Problem details:
Write the entries again exactly, with no line missing.

:: Information provided ::

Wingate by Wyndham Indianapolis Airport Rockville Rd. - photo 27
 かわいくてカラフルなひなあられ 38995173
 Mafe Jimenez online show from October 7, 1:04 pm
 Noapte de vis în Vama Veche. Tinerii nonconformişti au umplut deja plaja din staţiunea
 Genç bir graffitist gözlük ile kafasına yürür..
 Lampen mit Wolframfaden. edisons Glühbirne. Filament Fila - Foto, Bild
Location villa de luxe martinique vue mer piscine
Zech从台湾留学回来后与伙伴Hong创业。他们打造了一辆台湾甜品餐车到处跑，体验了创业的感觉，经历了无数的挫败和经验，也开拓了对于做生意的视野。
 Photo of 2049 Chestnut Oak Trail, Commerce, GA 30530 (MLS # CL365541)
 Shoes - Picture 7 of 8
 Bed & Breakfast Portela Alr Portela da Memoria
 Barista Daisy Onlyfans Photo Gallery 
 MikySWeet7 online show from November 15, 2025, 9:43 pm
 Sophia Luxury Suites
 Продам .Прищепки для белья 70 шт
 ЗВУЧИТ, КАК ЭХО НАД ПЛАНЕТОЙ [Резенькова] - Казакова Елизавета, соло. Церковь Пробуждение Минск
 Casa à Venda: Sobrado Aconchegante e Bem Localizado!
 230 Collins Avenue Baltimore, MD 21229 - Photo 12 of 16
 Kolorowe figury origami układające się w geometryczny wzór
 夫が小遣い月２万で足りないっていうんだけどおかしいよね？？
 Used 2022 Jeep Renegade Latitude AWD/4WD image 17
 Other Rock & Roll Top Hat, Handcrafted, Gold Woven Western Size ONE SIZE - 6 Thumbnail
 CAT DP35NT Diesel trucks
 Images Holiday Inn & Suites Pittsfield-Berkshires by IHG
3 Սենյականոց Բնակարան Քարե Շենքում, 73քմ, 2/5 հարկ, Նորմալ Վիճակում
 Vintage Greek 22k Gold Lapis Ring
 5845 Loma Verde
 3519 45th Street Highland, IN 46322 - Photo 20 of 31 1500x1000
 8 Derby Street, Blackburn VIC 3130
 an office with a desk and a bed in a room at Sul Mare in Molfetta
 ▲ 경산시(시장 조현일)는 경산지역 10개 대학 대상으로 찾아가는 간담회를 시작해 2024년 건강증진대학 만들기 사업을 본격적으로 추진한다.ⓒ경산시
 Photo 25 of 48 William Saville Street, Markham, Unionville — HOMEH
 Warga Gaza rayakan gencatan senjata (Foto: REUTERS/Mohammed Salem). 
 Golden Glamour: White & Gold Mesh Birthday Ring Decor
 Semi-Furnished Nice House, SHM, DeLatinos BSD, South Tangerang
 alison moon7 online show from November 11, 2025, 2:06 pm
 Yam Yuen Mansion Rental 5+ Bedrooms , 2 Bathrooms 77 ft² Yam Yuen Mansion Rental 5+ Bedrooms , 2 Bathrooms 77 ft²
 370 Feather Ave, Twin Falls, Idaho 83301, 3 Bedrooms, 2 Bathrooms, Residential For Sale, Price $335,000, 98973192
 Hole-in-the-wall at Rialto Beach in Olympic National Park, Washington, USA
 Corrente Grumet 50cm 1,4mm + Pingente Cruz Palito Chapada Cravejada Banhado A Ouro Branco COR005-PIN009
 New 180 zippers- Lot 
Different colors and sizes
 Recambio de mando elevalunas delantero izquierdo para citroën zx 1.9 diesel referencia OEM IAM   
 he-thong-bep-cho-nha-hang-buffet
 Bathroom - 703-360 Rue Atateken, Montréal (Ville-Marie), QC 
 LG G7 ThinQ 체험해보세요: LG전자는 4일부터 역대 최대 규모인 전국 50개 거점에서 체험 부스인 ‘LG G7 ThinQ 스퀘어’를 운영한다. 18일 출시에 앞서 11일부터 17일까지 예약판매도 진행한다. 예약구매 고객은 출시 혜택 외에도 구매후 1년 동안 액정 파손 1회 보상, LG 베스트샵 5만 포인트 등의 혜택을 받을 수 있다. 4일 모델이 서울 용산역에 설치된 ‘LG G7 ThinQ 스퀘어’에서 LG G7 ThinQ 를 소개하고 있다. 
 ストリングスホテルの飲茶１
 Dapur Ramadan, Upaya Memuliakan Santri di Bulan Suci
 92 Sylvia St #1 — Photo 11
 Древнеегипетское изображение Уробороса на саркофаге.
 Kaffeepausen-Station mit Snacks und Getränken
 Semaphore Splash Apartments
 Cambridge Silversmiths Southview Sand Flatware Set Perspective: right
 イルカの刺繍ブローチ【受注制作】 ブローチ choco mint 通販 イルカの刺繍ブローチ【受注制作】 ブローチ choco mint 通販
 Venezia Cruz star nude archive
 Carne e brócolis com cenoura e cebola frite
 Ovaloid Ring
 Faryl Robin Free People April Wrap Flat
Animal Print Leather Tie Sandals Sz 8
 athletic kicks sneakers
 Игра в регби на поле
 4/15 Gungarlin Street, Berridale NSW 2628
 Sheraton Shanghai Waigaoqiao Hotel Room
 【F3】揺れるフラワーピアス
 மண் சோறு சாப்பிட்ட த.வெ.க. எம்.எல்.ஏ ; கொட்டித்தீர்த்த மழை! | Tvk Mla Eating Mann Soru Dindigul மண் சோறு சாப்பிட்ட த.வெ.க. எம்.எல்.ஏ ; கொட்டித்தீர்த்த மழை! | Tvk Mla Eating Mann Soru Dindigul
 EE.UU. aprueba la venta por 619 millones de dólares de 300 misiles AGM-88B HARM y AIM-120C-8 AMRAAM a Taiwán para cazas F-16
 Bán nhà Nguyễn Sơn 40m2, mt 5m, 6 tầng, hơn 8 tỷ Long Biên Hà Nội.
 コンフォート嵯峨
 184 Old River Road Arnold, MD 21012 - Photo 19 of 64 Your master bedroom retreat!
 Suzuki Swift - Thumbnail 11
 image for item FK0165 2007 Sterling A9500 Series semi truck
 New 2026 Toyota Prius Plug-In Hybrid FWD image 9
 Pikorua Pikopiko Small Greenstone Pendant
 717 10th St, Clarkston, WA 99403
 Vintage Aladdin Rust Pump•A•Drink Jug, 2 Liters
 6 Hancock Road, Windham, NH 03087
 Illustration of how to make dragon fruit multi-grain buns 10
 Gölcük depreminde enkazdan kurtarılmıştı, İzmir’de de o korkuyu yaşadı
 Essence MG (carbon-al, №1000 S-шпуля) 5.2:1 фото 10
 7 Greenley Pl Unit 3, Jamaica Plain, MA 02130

:::

Result:
Wingate by Wyndham Indianapolis Airport Rockville Rd. - photo 27
 かわいくてカラフルなひなあられ 38995173
 Mafe Jimenez online show from October 7, 1:04 pm
 Noapte de vis în Vama Veche. Tinerii nonconformişti au umplut deja plaja din staţiunea
 Genç bir graffitist gözlük ile kafasına yürür..
 Lampen mit Wolframfaden. edisons Glühbirne. Filament Fila - Foto, Bild
Location villa de luxe martinique vue mer piscine
Zech从台湾留学回来后与伙伴Hong创业。他们打造了一辆台湾甜品餐车到处跑，体验了创业的感觉，经历了无数的挫败和经验，也开拓了对于做生意的视野。
 Photo of 2049 Chestnut Oak Trail, Commerce, GA 30530 (MLS # CL365541)
 Shoes - Picture 7 of 8
 Bed & Breakfast Portela Alr Portela da Memoria
 Barista Daisy Onlyfans Photo Gallery 
 MikySWeet7 online show from November 15, 2025, 9:43 pm
 Sophia Luxury Suites
 Продам .Прищепки для белья 70 шт
 ЗВУЧИТ, КАК ЭХО НАД ПЛАНЕТОЙ [Резенькова] - Казакова Елизавета, соло. Церковь Пробуждение Минск
 Casa à Venda: Sobrado Aconchegante e Bem Localizado!
 230 Collins Avenue Baltimore, MD 21229 - Photo 12 of 16
 Kolorowe figury origami układające się w geometryczny wzór
 夫が小遣い月２万で足りないっていうんだけどおかしいよね？？
 Used 2022 Jeep Renegade Latitude AWD/4WD image 17
 Other Rock & Roll Top Hat, Handcrafted, Gold Woven Western Size ONE SIZE - 6 Thumbnail
 CAT DP35NT Diesel trucks
 Images Holiday Inn & Suites Pittsfield-Berkshires by IHG
3 Սենյականոց Բնակարան Քարե Շենքում, 73քմ, 2/5 հարկ, Նորմալ Վիճակում
 Vintage Greek 22k Gold Lapis Ring
 5845 Loma Verde
 3519 45th Street Highland, IN 46322 - Photo 20 of 31 1500x1000
 8 Derby Street, Blackburn VIC 3130
 an office with a desk and a bed in a room at Sul Mare in Molfetta
 ▲ 경산시(시장 조현일)는 경산지역 10개 대학 대상으로 찾아가는 간담회를 시작해 2024년 건강증진대학 만들기 사업을 본격적으로 추진한다.ⓒ경산시
 Photo 25 of 48 William Saville Street, Markham, Unionville — HOMEH
 Warga Gaza rayakan gencatan senjata (Foto: REUTERS/Mohammed Salem). 
 Golden Glamour: White & Gold Mesh Birthday Ring Decor
 Semi-Furnished Nice House, SHM, DeLatinos BSD, South Tangerang
 alison moon7 online show from November 11, 2025, 2:06 pm
 Yam Yuen Mansion Rental 5+ Bedrooms , 2 Bathrooms 77 ft² Yam Yuen Mansion Rental 5+ Bedrooms , 2 Bathrooms 77 ft²
 370 Feather Ave, Twin Falls, Idaho 83301, 3 Bedrooms, 2 Bathrooms, Residential For Sale, Price $335,000, 98973192
 Hole-in-the-wall at Rialto Beach in Olympic National Park, Washington, USA
 Corrente Grumet 50cm 1,4mm + Pingente Cruz Palito Chapada Cravejada Banhado A Ouro Branco COR005-PIN009
 New 180 zippers- Lot 
Different colors and sizes
 Recambio de mando elevalunas delantero izquierdo para citroën zx 1.9 diesel referencia OEM IAM   
 he-thong-bep-cho-nha-hang-buffet
 Bathroom - 703-360 Rue Atateken, Montréal (Ville-Marie), QC 
 LG G7 ThinQ 체험해보세요: LG전자는 4일부터 역대 최대 규모인 전국 50개 거점에서 체험 부스인 ‘LG G7 ThinQ 스퀘어’를 운영한다. 18일 출시에 앞서 11일부터 17일까지 예약판매도 진행한다. 예약구매 고객은 출시 혜택 외에도 구매후 1년 동안 액정 파손 1회 보상, LG 베스트샵 5만 포인트 등의 혜택을 받을 수 있다. 4일 모델이 서울 용산역에 설치된 ‘LG G7 ThinQ 스퀘어’에서 LG G7 ThinQ 를 소개하고 있다. 
 ストリングスホテルの飲茶１
 Dapur Ramadan, Upaya Memuliakan Santri di Bulan Suci
 92 Sylvia St #1 — Photo 11
 Древнеегипетское изображение Уробороса на саркофаге.
 Kaffeepausen-Station mit Snacks und Getränken
 Semaphore Splash Apartments
 Cambridge Silversmiths Southview Sand Flatware Set Perspective: right
 イルカの刺繍ブローチ【受注制作】 ブローチ choco mint 通販 イルカの刺繍ブローチ【受注制作】 ブローチ choco mint 通販
 Venezia Cruz star nude archive
 Carne e brócolis com cenoura e cebola frite
 Ovaloid Ring
 Faryl Robin Free People April Wrap Flat
Animal Print Leather Tie Sandals Sz 8
 athletic kicks sneakers
 Игра в регби на поле
 4/15 Gungarlin Street, Berridale NSW 2628
 Sheraton Shanghai Waigaoqiao Hotel Room
 【F3】揺れるフラワーピアス
 மண் சோறு சாப்பிட்ட த.வெ.க. எம்.எல்.ஏ ; கொட்டித்தீர்த்த மழை! | Tvk Mla Eating Mann Soru Dindigul மண் சோறு சாப்பிட்ட த.வெ.க. எம்.எல்.ஏ ; கொட்டித்தீர்த்த மழை! | Tvk Mla Eating Mann Soru Dindigul
 EE.UU. aprueba la venta por 619 millones de dólares de 300 misiles AGM-88B HARM y AIM-120C-8 AMRAAM a Taiwán para cazas F-16
 Bán nhà Nguyễn Sơn 40m2, mt 5m, 6 tầng, hơn 8 tỷ Long Biên Hà Nội.
 コンフォート嵯峨
 184 Old River Road Arnold, MD 21012 - Photo 19 of 64 Your master bedroom retreat!
 Suzuki Swift - Thumbnail 11
 image for item FK0165 2007 Sterling A9500 Series semi truck
 New 2026 Toyota Prius Plug-In Hybrid FWD image 9
 Pikorua Pikopiko Small Greenstone Pendant
 717 10th St, Clarkston, WA 99403
 Vintage Aladdin Rust Pump•A•Drink Jug, 2 Liters
 6 Hancock Road, Windham, NH 03087
 Illustration of how to make dragon fruit multi-grain buns 10
 Gölcük depreminde enkazdan kurtarılmıştı, İzmir’de de o korkuyu yaşadı
 Essence MG (carbon-al, №1000 S-шпуля) 5.2:1 фото 10
 7 Greenley Pl Unit 3, Jamaica Plain, MA 02130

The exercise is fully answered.